Doug, along with his brother Rodney, was half of the hillbilly band the Darlings, who made numerous appearances on The Andy Griffith Show. That exposure helped catapult the Dillard’s band into the spotlight, and Doug in particular. An accomplished musician from a family of musicians, Doug went on to help pioneer the folk-country rock sound of the sixties. He joined up with ex-Byrd Gene Clark to form the Dillard-Clark Band and recorded two albums.
I met Doug in 1979. My friend and songwriting partner Charlie Williams had put together a band in Marin County called Mistress, and they landed a recording contract with RSO Records. (RSO was the home of the BeeGees and Eric Clapton as well.) While they were looking for a single, Charlie played them a tune we had written years before with the Carrie Nation band called “Letter to California”, and the studio execs flipped over it. The album was being produced by Thomas Jefferson Kaye, another singer-songwriter who had worked with Gene Clark on his solo album No Other. Tommy thought the song was perfect for a banjo part and enlisted Doug to come to California for the session.

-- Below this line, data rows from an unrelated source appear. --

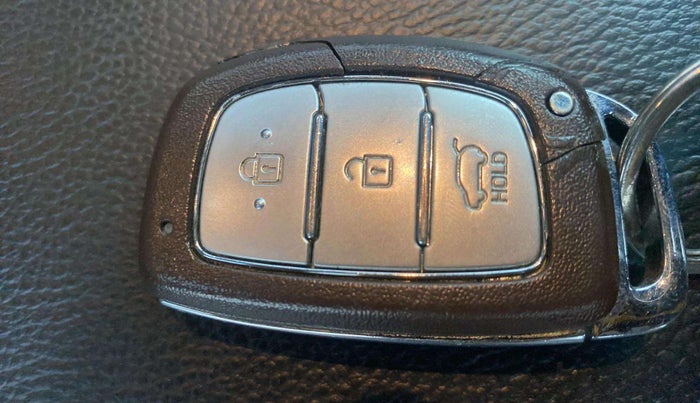 2019 Hyundai Creta SX AT 1.6 PETROL, Petrol, Automatic, 29,746 km, Key Close Up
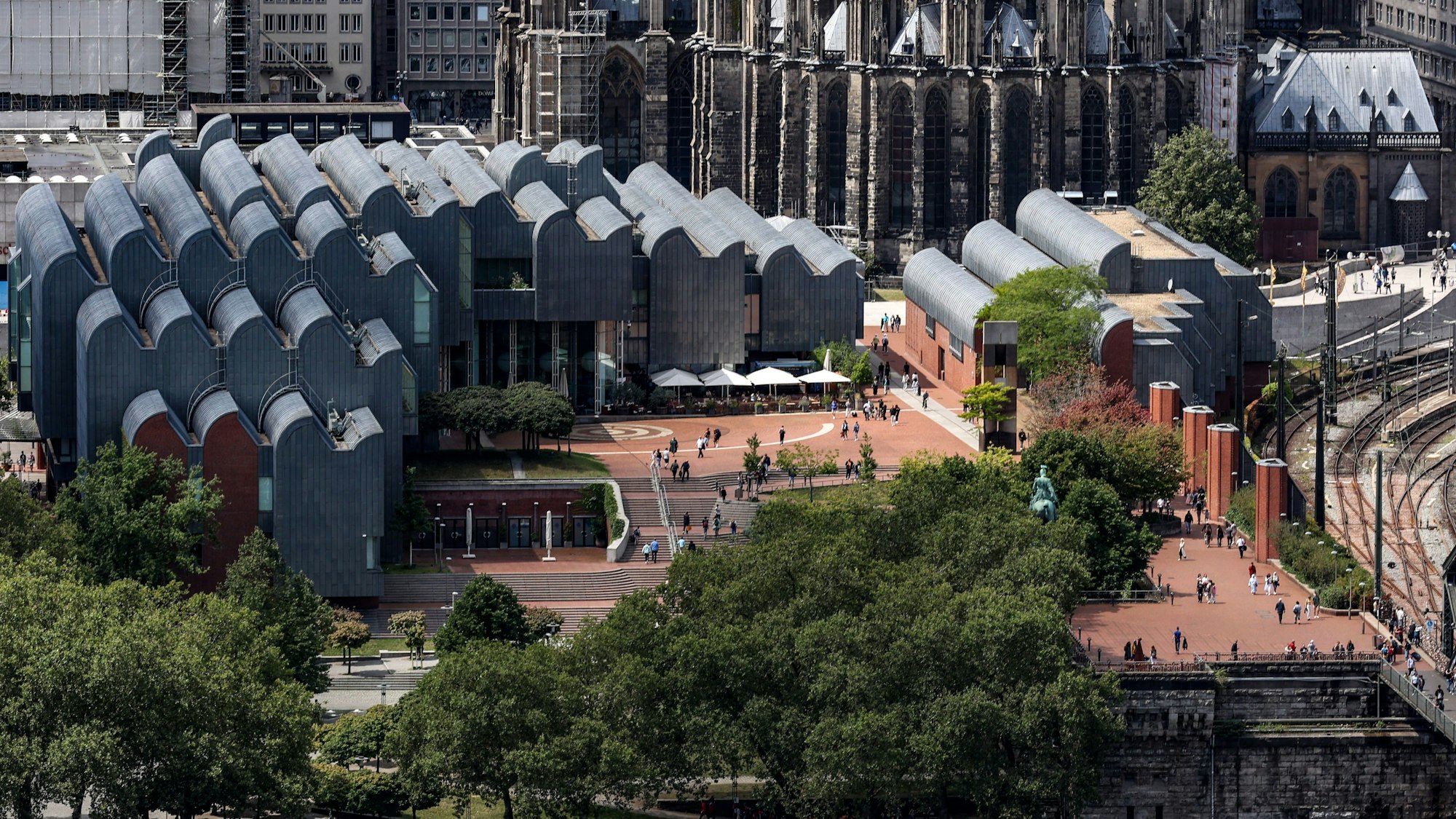 Blick auf Philharmonie mit Heinrich-Böll Platz.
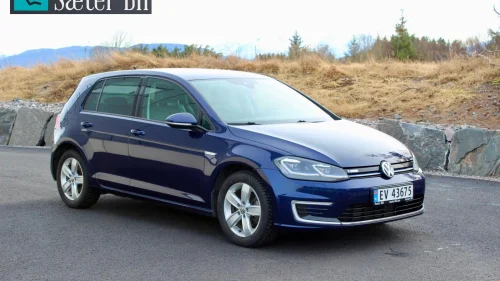 VOLKSWAGEN GOLF Facelift - navi - skinn - ACC - R.kamera - 220km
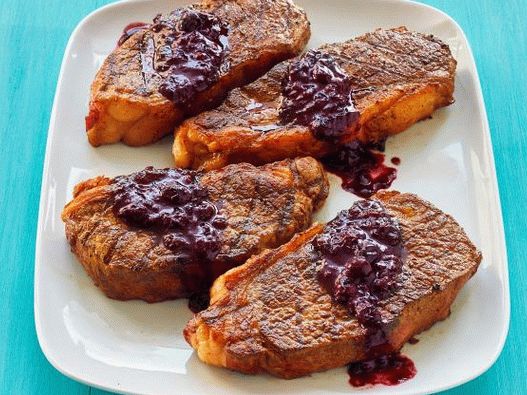 Foto Bife grelhado com molho de churrasco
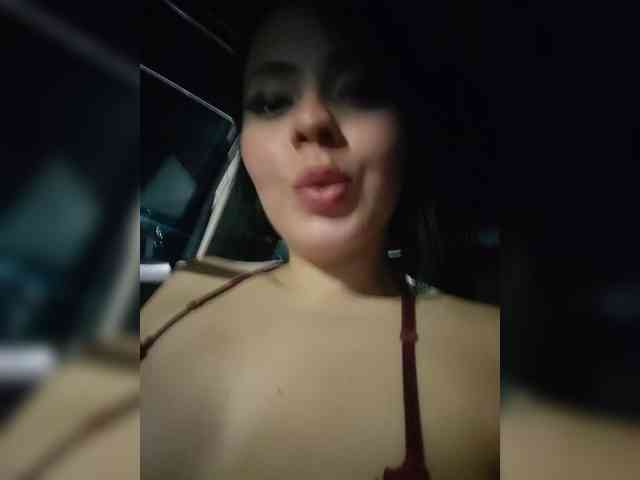 BiancaLuxor webcam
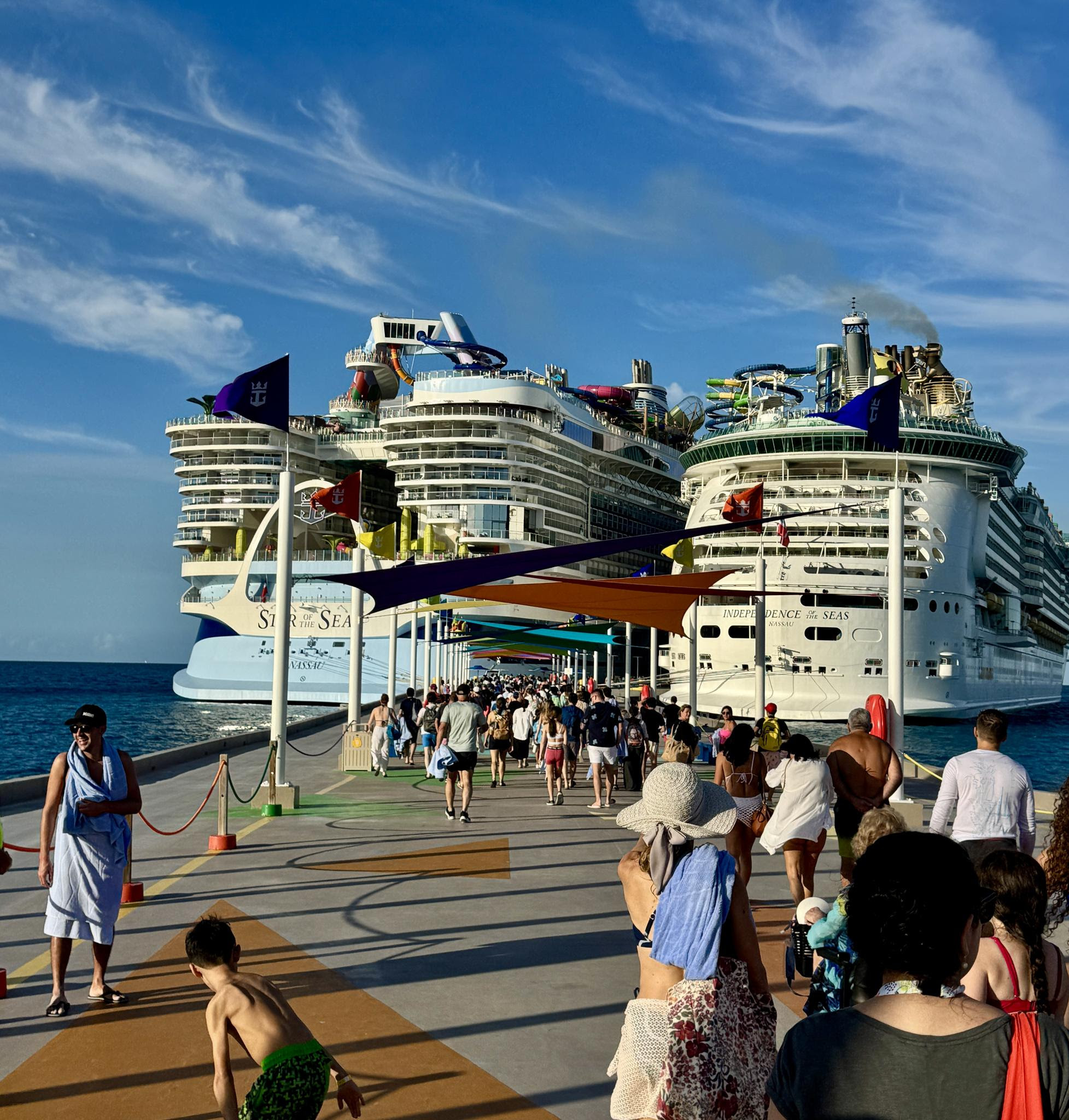 I just got off the largest Cruise Ship🛳️ in the world header image.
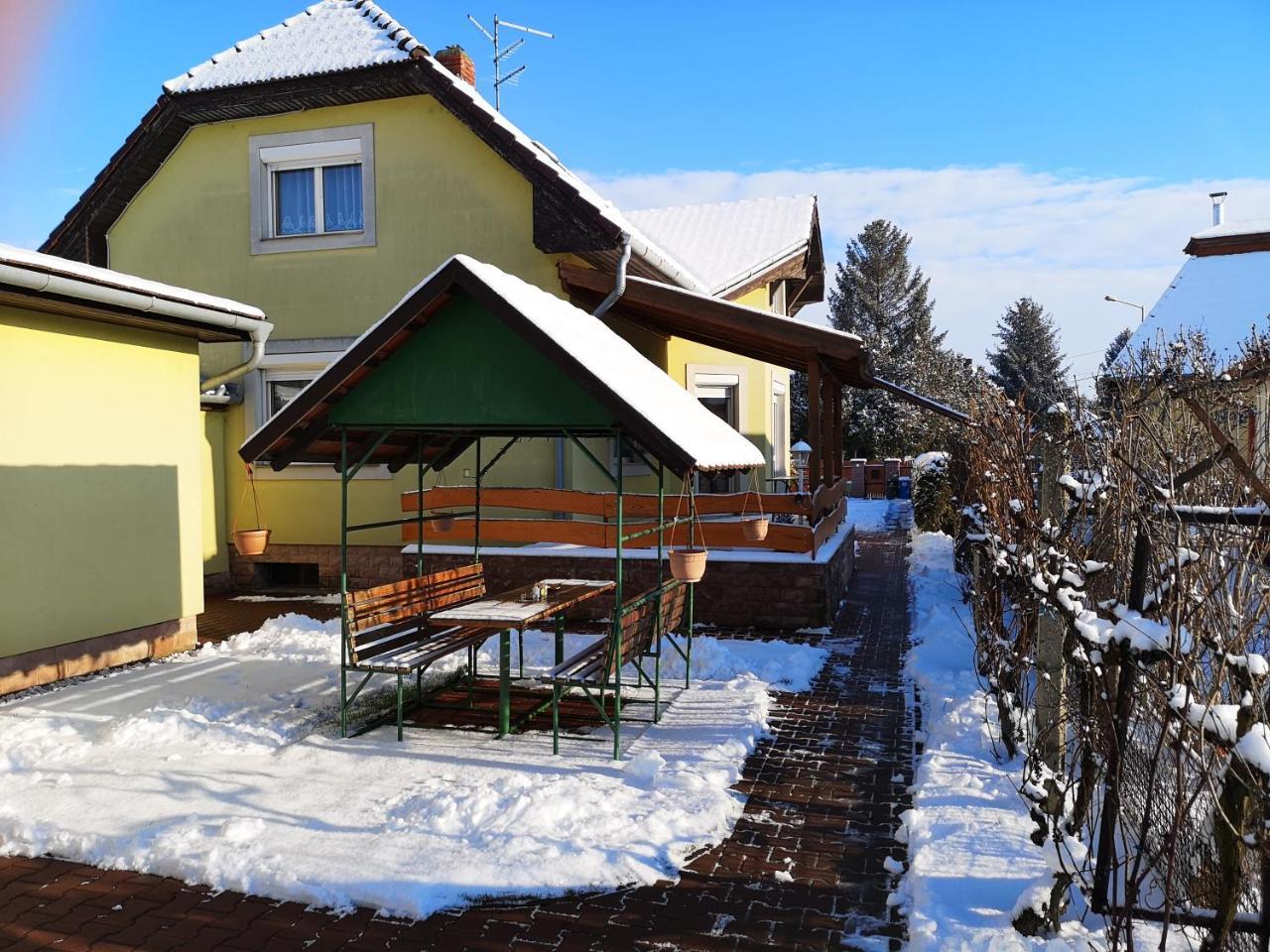 Apartman Kaszas Garden Mosonmagyaróvár Exterior foto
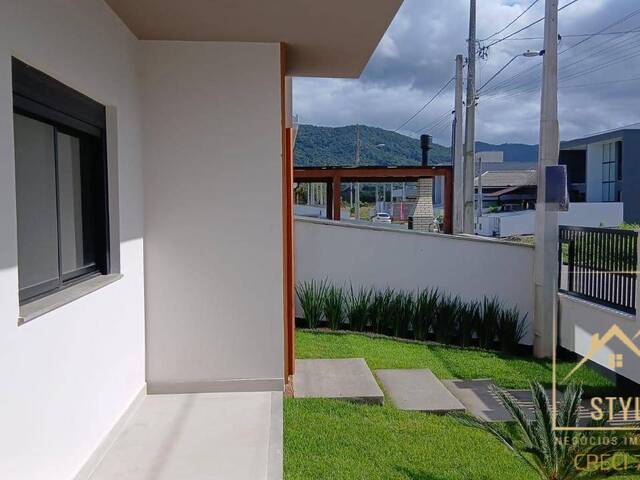 Casa para Venda em São José - 4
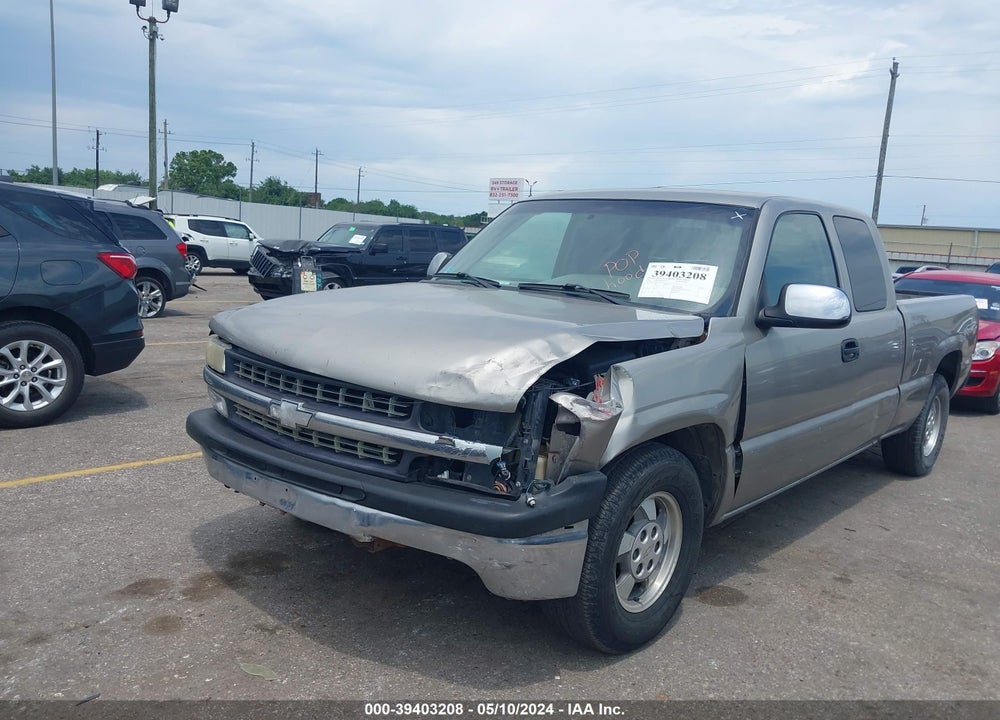 2000 CHEVROLET SILVERADO 1500 LS VIN: 2GCEC19V9Y1344752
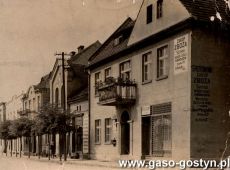 4589.Rynek w Piaskach - dom Jana Mogielki (1888-1960), miescil sie tam otwarty w 1919 roku Bank Ludowy, zdjecie z okresu miedzywojennego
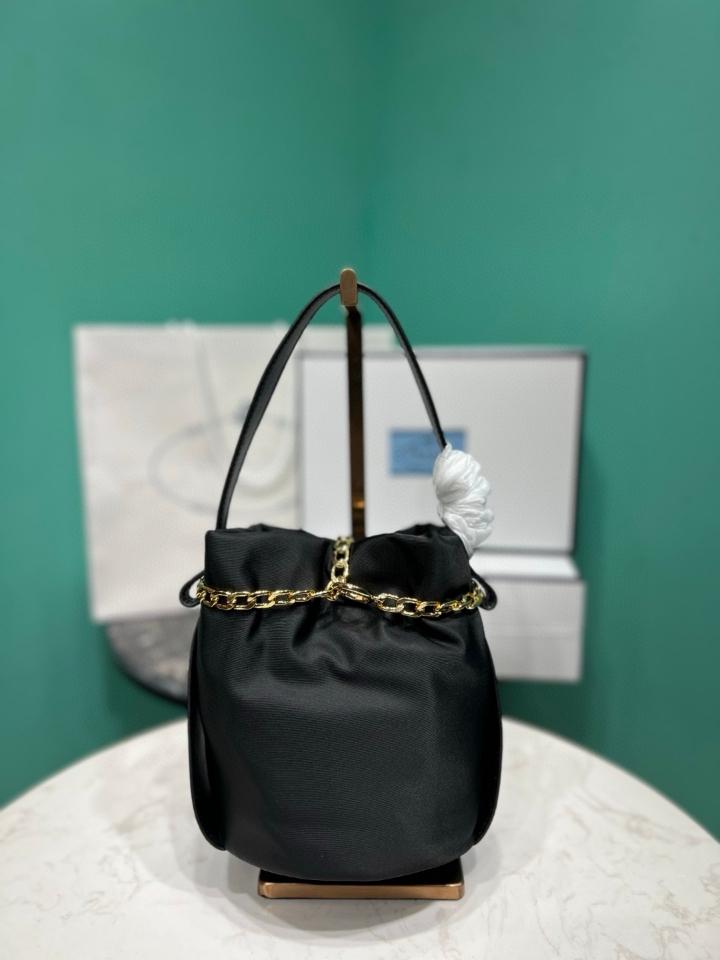 Prada Petit Sac Noir Re-Nylon and nappa leather mini bucket bag 1BE088 black 14x20x15 cm-duoc-ban-tai-Hvip Bags and Accessories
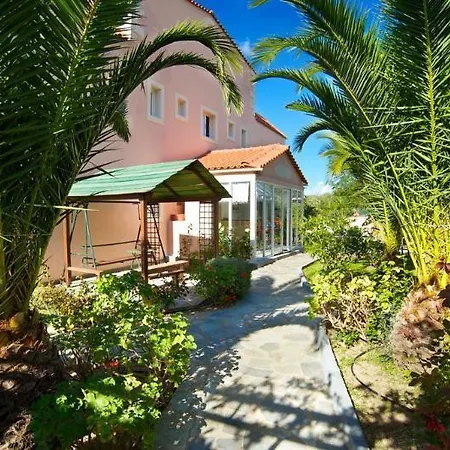 מלון Nostos & Vlachata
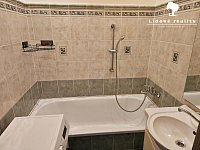 Prodej bytu 2+1 57 m2 Na Příčnici, Vratimov - Foto 8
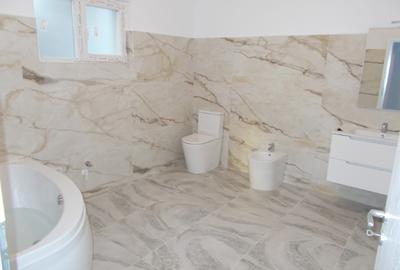 Duplex, Sanmihaiu Roman, 3 camere, 72 mp util, 250mp teren - 7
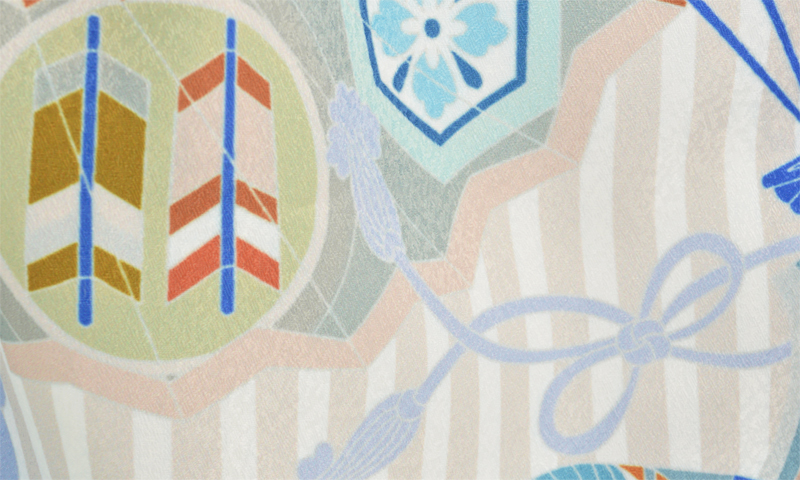 三歳男児被布【打ち出の小槌・檜扇の着物に浅緑の被布】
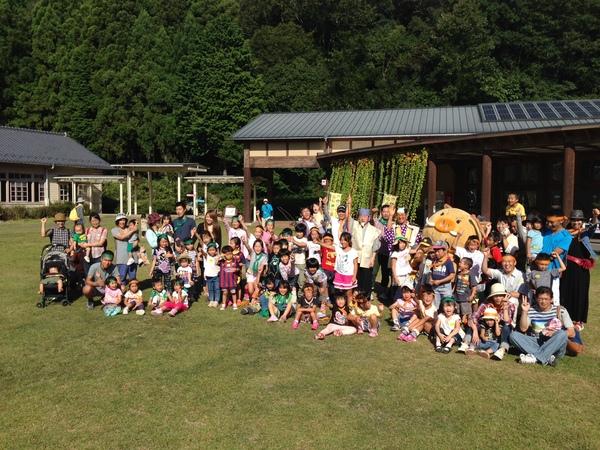 市長やマスコット人形と一緒にみんなで記念撮影写真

We spent about a week together at the Mistress house in Lucas Valley, partying and playing music. Doug was a true country gentleman, and the consummate performer. It was a wonderful experience I’ll never forget.
Unfortunately, Tommy’s treatment of the song didn’t work as the single the record company had hoped for, but it was included on their album. (The only song I wrote that ever made it to vinyl.) I got a few royalty checks out of it, but the album was essentially a flop.
A few years later, Doug was doing a bit part in the Robin Williams movie Popeye on the island of Malta. One day he walked out onto the deck of his hotel and fell off, resulting in major head trauma. He was airlifted to London, where, according to the story I heard, he was transferred to an ambulance. During the ride to the hospital the door came open and his gurney started to slide out onto the road. Only the quick actions of a paramedic prevented him from further injury.
Doug showed up in Nevada City sometime in the early eighties, when he played at the Nevada Theatre. (Don’t remember the exact date and can’t find the poster I did.) He was a little slower, but still put on a fine show for the locals. It was the last time I saw him.
According to the press reports, Doug had been in poor health for the last couple of years and had quit touring. He was admited to the hospital with a lung infection and passed away the following day. He leaves a legacy of some mighty fine pickin’ and will always be remembered as the man with a smile as wide as the southern sky. Rest in Peace, Doug.